A Nazi-looted Matisse painting reportedly will be returned to the heirs of a Paris art dealer by the German man who stashed it in his apartment for decades.
Through his attorneys, Cornelius Gurlitt said this week that he would be returning to heirs all works identified as having been ”stolen or robbed” by the Nazis, according to the German magazine Focus. They apparently include “Sitting Woman,” which belonged to the Paris dealer Paul Rosenberg and for a time was in the possession of Hitler’s chief deputy, Hermann Goering.
Other restitutions from the more than 1,600 artworks found recently in the Munich and Salzburg homes of Gurlitt, 81, are expected to be announced in the coming weeks, but Gurlitt’s court-appointed attorney Christoph Edel said relatively few works would fall into that category.
Gurlitt inherited the collection from his father, Hildebrand, who was hired by the Nazis to buy art for its museums, as well as works that were considered “degenerate” that could be sold for profit. Hildebrand Gurlitt made several trips to Paris in the course of his work.
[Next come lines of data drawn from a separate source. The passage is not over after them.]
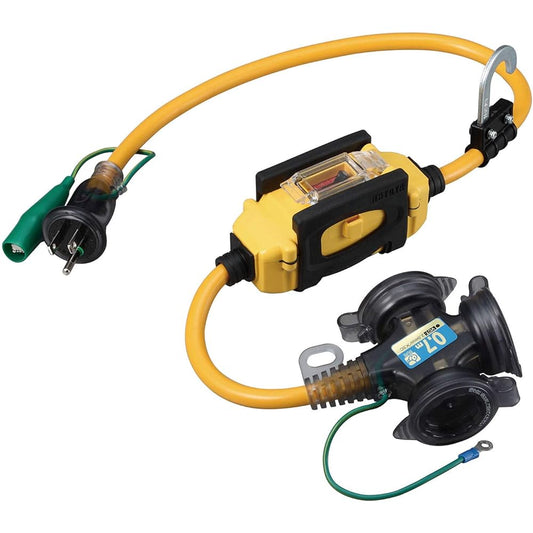 HATAYA 2P grounded extension cord for outdoor use (rainproof) Cord 0.7m Thickness 2.0㎟ Dedicated ground fault protection type Earth leakage breaker Fukutobi plug specification 3 outlets Outlet rainproof cap included Built-in pilot lamp Exband included Fo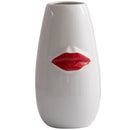 Axyaa Red Lips Ceramic Vase: Branded Desk Decoration for Floral Arrangement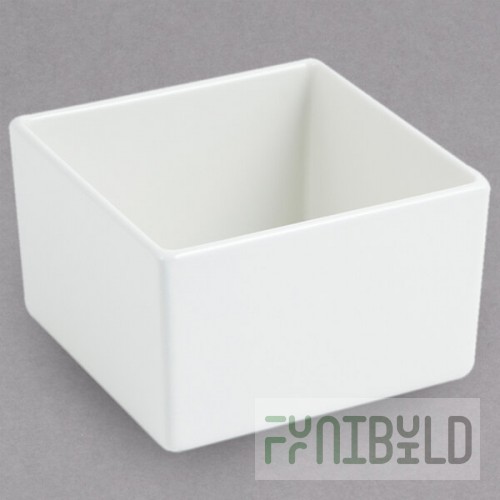Bon Chef 9507S 28 oz. White Sandstone Finish Cast Aluminum Straight Square Bowl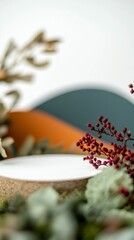 Pastel Background with Product Display   Dried Flowers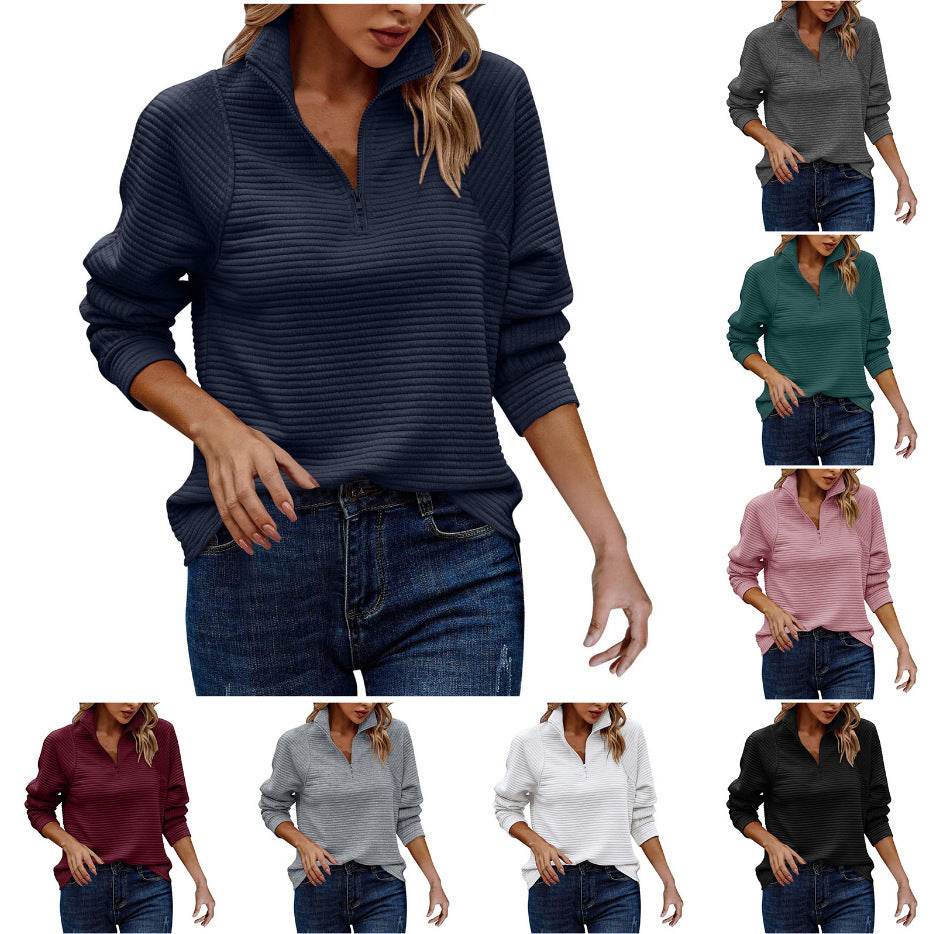 Autumn Comfortable Loose Snake Bone Pattern Solid Color Stand Collar Women's Sweater - Velora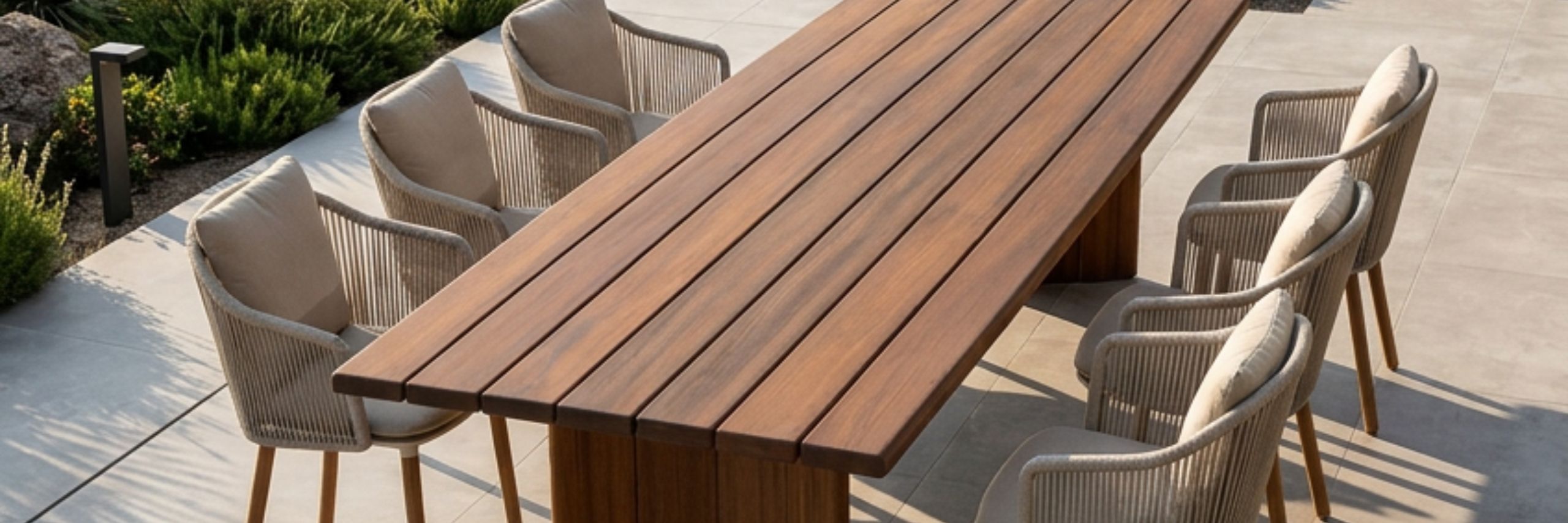 Rechte houten tuintafel met houten wangonderstel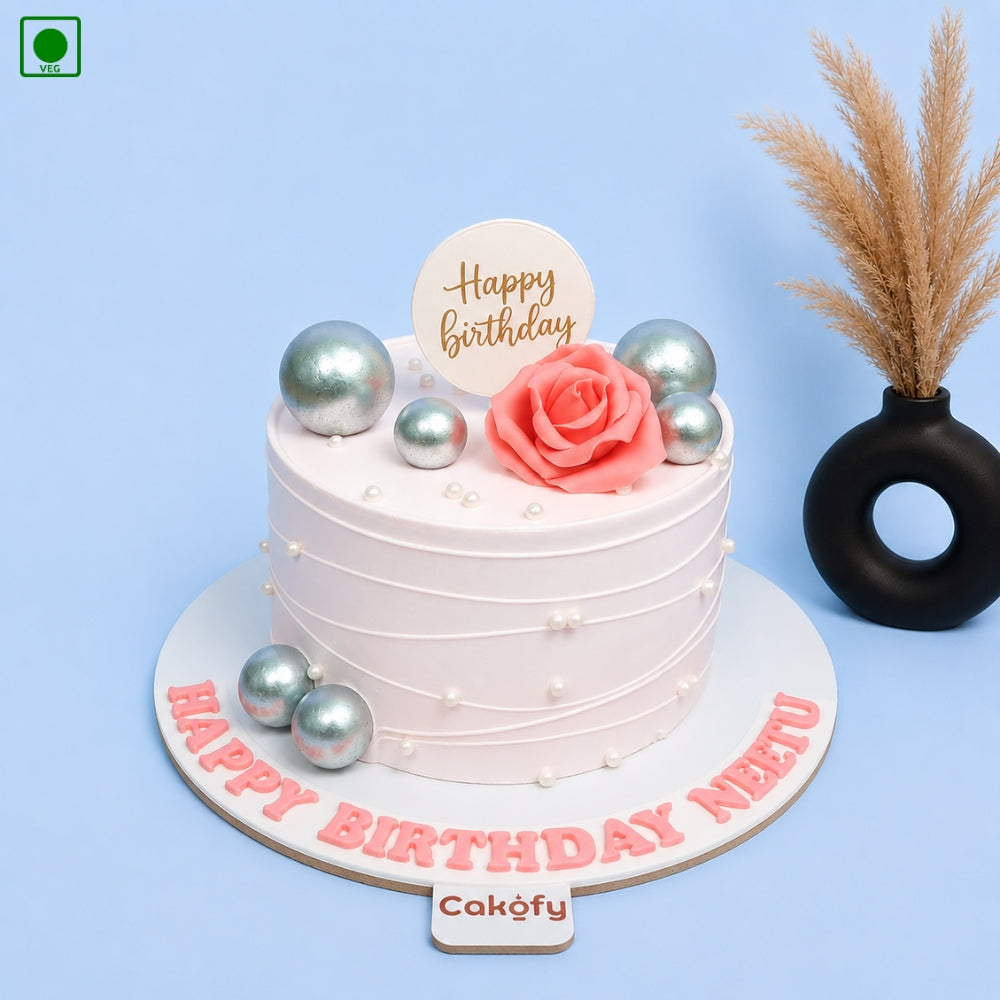 Classic Pearl Rose Cake - Gurgaon, Delhi & Noida
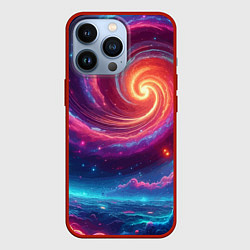 Чехол iPhone 13 Pro Яркая неоновая галактика - нейросеть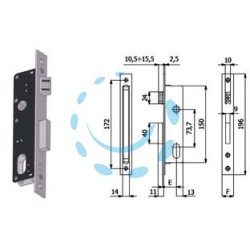 SERRATURA DA INFILARE PER MONTANTI CATENACCIO E SCROCCO 530 - mm.30 interasse mm.73,7 (530)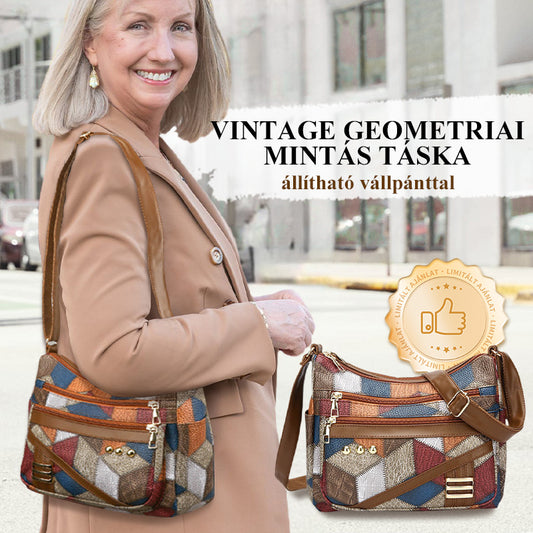 👜Vintage geometriai mintás táska állítható vállpánttal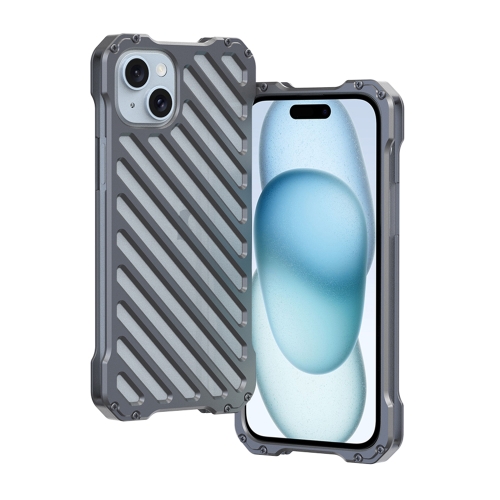 

For iPhone 15 Plus R-JUST Breathable Armor Phone Case(Space Grey)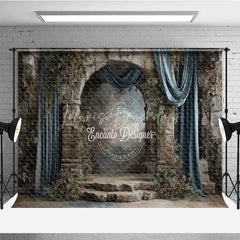 Lofaris Retro Wall Backdrop Stone Castle Arch with Blue Drapes Vintage Moody Photography Background Prop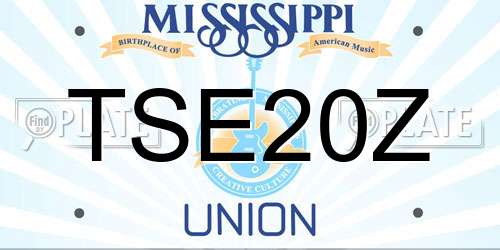 TSE20Z Mississippi License Plate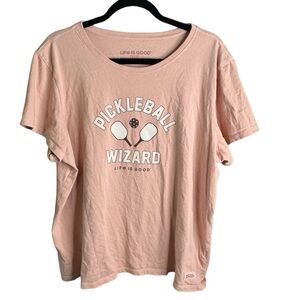 Life is Good Women's pink Crusher Tee Pickleball Wizard short sleeve cotton XXL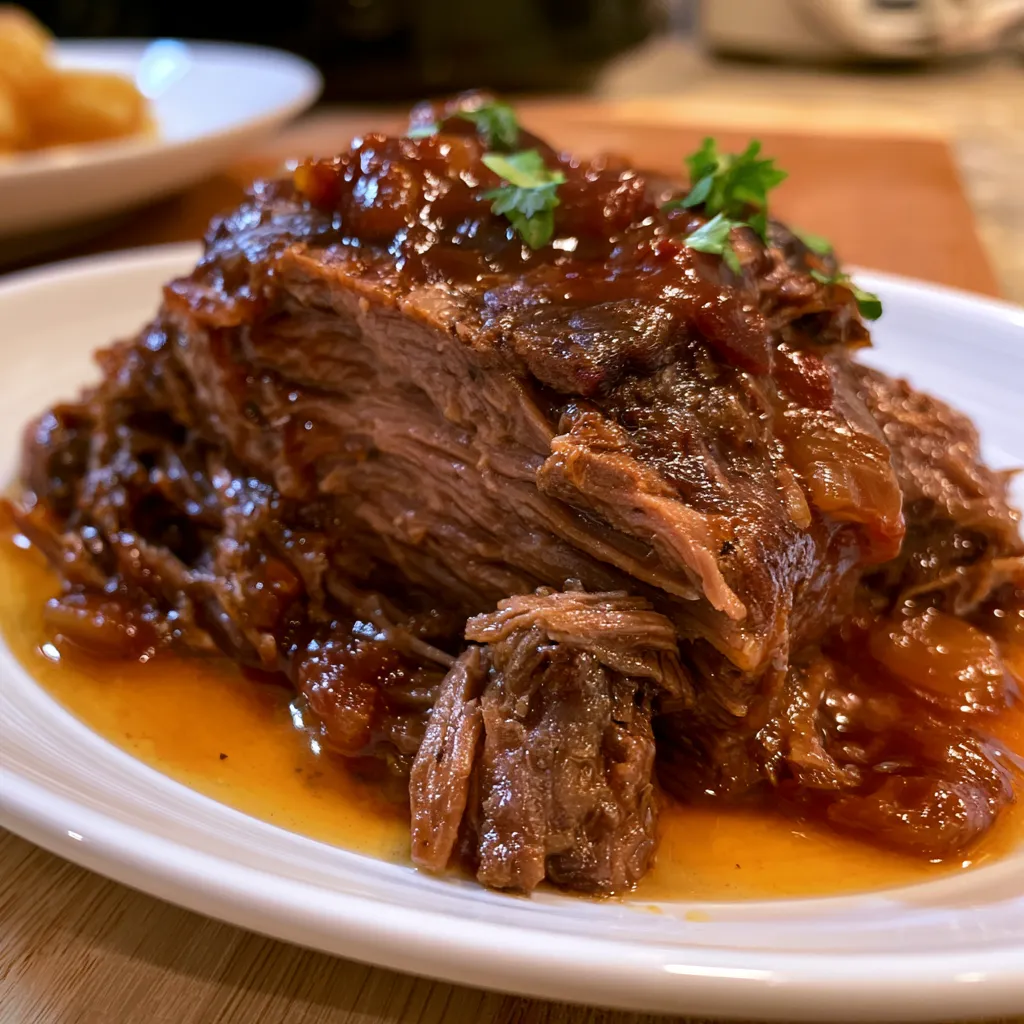 Slow Cooker Shredded BBQ Beef Recipe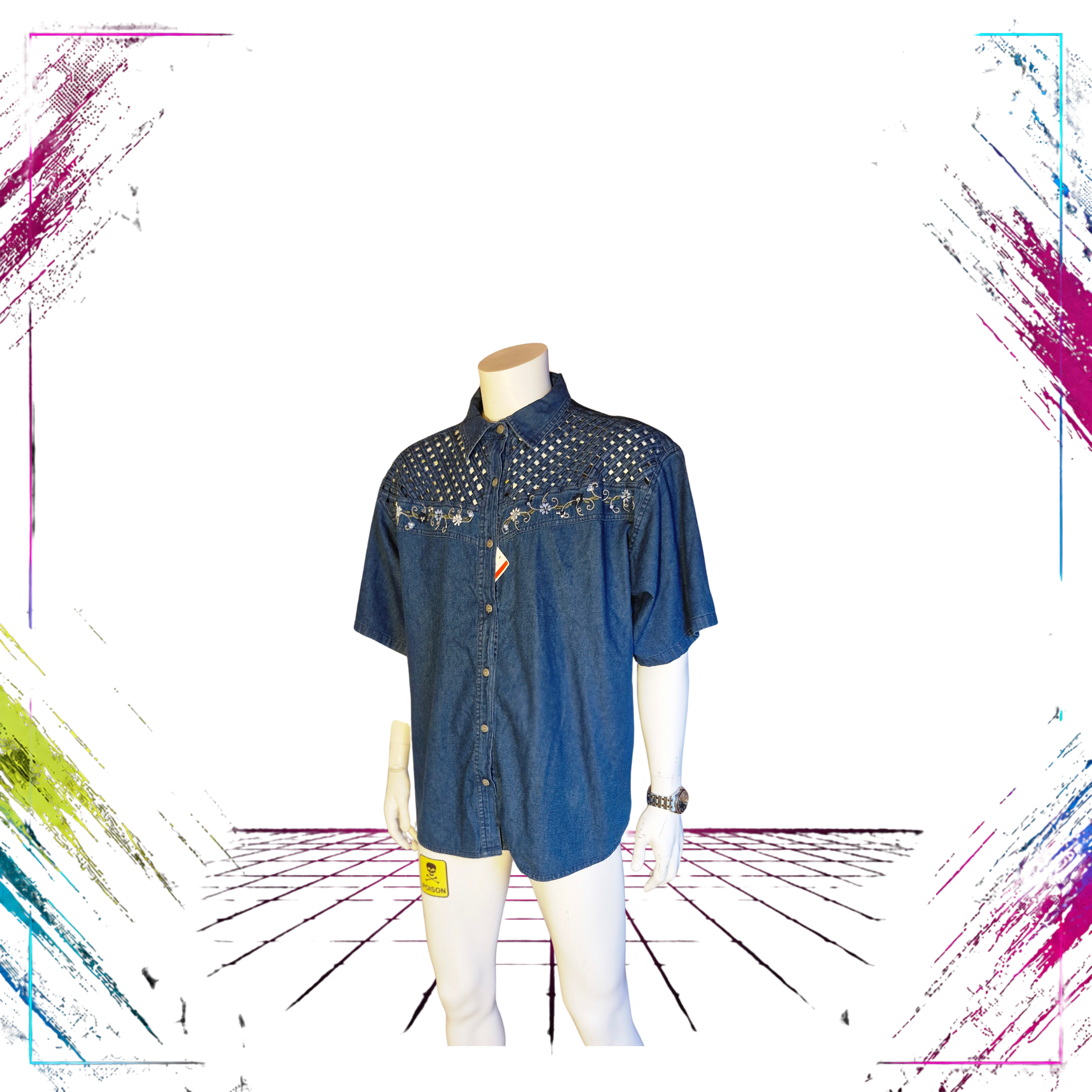 Finnish vintage Salonie Embroidered Denim Shirt front -theplugofvintage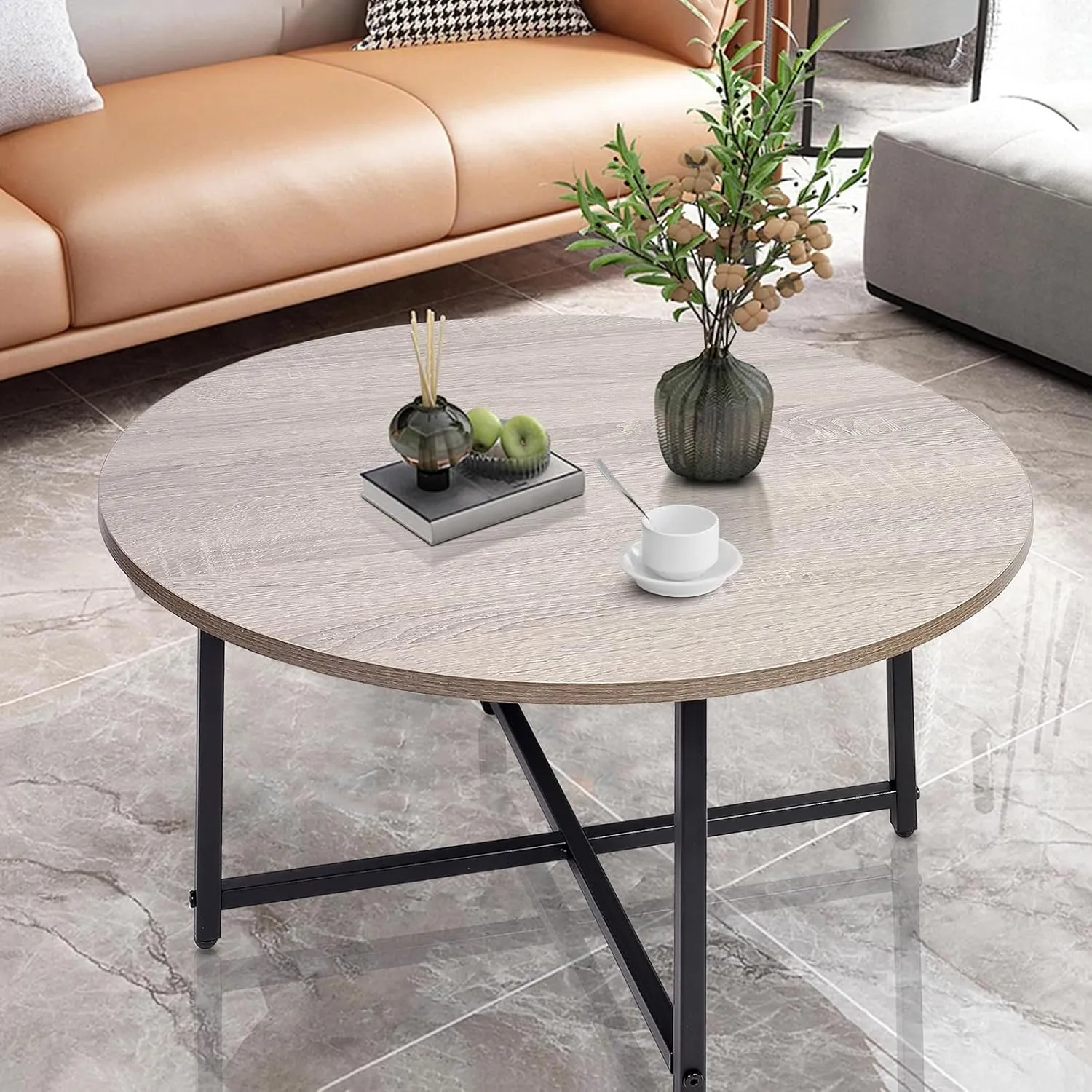 Round Coffee Table,Living Room Table,31.5" Wood Circle Coffee Table with Metal Frame and Wood Desktop,Easy Assembly,Grey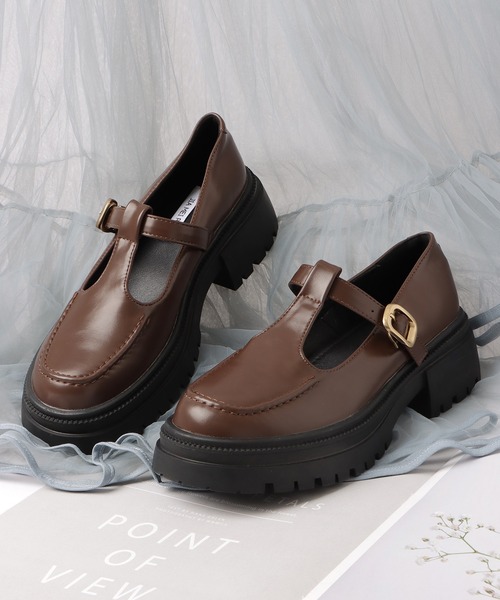 セール】レザー調 スクエアトゥ 厚底 ベルト ローファー（ローファー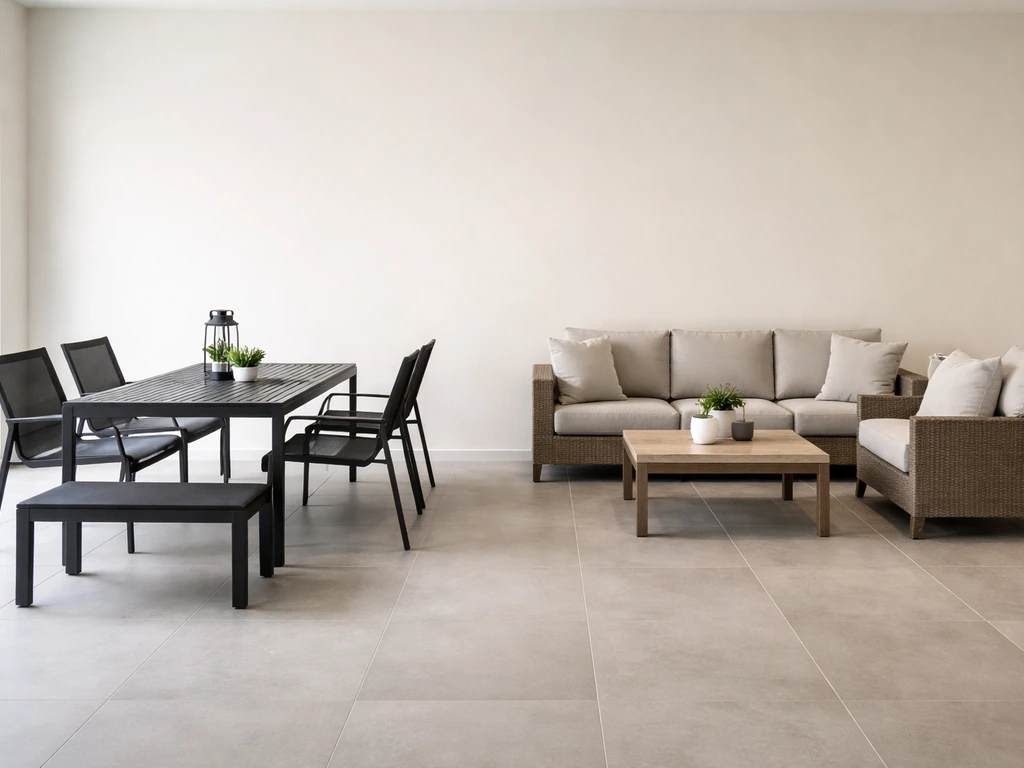 Two patio furniture collections side-by-side: sling-style on one side, cushion-style on the other.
In 2012, customs agents investigating Cornelius Gurlitt for tax evasion confiscated the Munich stash of some 1,400 works in a story broken last fall by Focus. The Salzburg collection was revealed several months later.
The German government has formed a task force specifically to examine the provenance of works in the Munich collection; the Salzburg collection is being investigated in Austria.
Meanwhile, Gurlitt launched a website where updates are posted and queries from potential heirs are accepted.
Several years ago, Gurlitt sold a painting by Max Beckmann at auction, sharing the proceeds with a Jewish family who established it was part of their lost inheritance. The fact that Gurlitt had a trove of valuable works of unclear provenance was not revealed at the time.